Docutils To Do List (original) (raw)

David Goodger (with input from many); open to all Docutils developers

Contact:

docutils-develop@lists.sourceforge.net

Date:

2025-04-29

Revision:

10113

Copyright:

This document has been placed in the public domain.

Contents

Priority items are marked with "@" symbols. The more @s, the higher the priority. Items in question form (containing "?") are ideas which require more thought and debate; they are potential to-do's.

Many of these items are awaiting champions. If you see something you'd like to tackle, please do! Please see also the Bugs document for a list of bugs in Docutils.

Minimum Requirements for Python Standard Library Candidacy

Below are action items that must be added and issues that must be addressed before Docutils can be considered suitable to be proposed for inclusion in the Python standard library.

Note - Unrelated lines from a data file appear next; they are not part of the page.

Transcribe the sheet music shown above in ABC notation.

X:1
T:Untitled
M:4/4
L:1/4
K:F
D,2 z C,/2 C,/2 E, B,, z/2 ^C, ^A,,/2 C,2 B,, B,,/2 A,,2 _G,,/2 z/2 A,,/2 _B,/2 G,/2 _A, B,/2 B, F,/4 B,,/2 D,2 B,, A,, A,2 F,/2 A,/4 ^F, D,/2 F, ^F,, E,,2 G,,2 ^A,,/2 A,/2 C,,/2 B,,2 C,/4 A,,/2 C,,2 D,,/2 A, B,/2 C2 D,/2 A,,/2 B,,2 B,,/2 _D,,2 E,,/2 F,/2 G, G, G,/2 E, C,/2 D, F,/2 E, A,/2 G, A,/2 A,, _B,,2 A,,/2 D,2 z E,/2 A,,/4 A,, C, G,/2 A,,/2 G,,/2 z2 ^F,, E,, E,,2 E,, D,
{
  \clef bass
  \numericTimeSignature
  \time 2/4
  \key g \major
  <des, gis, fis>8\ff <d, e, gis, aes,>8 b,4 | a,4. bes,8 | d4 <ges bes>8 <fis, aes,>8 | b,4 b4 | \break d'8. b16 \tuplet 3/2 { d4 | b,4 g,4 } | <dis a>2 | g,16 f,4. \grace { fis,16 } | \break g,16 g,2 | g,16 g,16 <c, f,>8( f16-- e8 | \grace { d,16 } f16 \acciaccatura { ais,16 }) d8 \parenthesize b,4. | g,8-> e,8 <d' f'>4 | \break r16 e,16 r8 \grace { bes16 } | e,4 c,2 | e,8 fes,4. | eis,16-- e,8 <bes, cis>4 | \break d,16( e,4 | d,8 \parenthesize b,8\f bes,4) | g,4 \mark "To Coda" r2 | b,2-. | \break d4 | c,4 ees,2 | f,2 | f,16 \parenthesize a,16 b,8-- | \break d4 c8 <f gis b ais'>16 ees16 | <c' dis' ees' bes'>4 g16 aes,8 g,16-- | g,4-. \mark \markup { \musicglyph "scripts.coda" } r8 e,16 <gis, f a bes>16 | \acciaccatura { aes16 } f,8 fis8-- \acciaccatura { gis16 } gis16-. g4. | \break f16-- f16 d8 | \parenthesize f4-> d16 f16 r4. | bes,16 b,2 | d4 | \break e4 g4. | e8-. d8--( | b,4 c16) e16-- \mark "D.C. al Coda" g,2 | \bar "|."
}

Many of these are now handled by Sphinx

Repository

Move to a Git repository.

See feature requests #58(with pointers to Sphinx issues and discussion).

Convert with reposurgeon?

If you are doing a full import rather than gatewaying, reposurgeon is probably what you want. It has been tested against a lot of large, old, nasty repositories and is thus known to be robust in the presence of repository malformations (a property regularly checked by a test suite that is a rogue's gallery of Subversion botches).

Git Wiki

The comprehensive Reposurgeon documentation comes witha guide to repository conversionas well as info about reading Subversion repositories. Converting from an SVN dump file is faster than from a checkout.

Adam Turner wrote a conversion Makefile and .lift scripts that downloads the repo from SF with rsync, converts it to a SVN mirror and finally to Git, splitting sandbox, prest, and web from docutils.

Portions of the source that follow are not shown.